Furthermore, imposing gas limitations and employing gas-efficient coding techniques can assist in preventing DoS attacks.

Invalidated Inputs and External Calls

Unvalidated inputs and external calls can also pose vulnerabilities to smart contracts. 

If a smart contract fails to check user inputs or manage external calls correctly, it is vulnerable to malicious input manipulation, phishing, and arbitrary code execution.

To protect against these smart contract security breaches, developers should properly evaluate and sanitize user inputs, implement suitable input processing and validation procedures, and exercise caution when communicating with external contracts or data sources.

Tx.Origin Authentication  

This is also one of the notable smart contract security breaches. The Ethereum blockchain features a global variable called tx.origin. 

It completes the calling process and returns the account’s address that sent the transaction. Using the variable for smart contract authentication exposes a severe risk of phishing cyber-attacks.

We rarely encounter this vulnerability. Developers with minimal solidity knowledge cannot distinguish it from the variable msg—-sender, resulting in contracts with vulnerabilities and utilizing it where it is not recommended. 

Therefore, never use tx.origin for authorization.

How To Guard Against Smart Contract Security Breaches 

By adhering to these six pillars, developers may design a comprehensive defense mechanism that strengthens the security of their smart contracts and guards against smart contract security breaches.
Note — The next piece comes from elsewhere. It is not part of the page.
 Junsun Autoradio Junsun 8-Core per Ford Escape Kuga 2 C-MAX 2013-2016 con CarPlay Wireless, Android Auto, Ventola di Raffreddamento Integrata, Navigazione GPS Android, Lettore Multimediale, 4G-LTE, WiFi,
• Best practices: Stick to the standards and best practices while building and deploying smart contracts.
• Testing: Write unit tests before deploying smart contracts to ensure the system functions as expected.
• Auditing: Have smart contracts inspected by expert auditors to detect any potential security problems and offer best practices to increase security.
• Code Reviews: Conduct code reviews to spot the issues and, more importantly, respond quickly before the implementation proceeds too far.
• Monitoring: Implement monitoring and alarm systems to detect and respond to any suspicious activity.
• Access controls: Put permissions and access controls to determine who can access funds and change the smart contract data to avoid asset loss due to data manipulation or outside intervention.

Conclusion

These are only a few possible smart contract security breaches and attacks. Developers must rigorously test and review their code to ensure the contract’s security. 

Users should also know the hazards and only utilize reliable and secure smart contracts.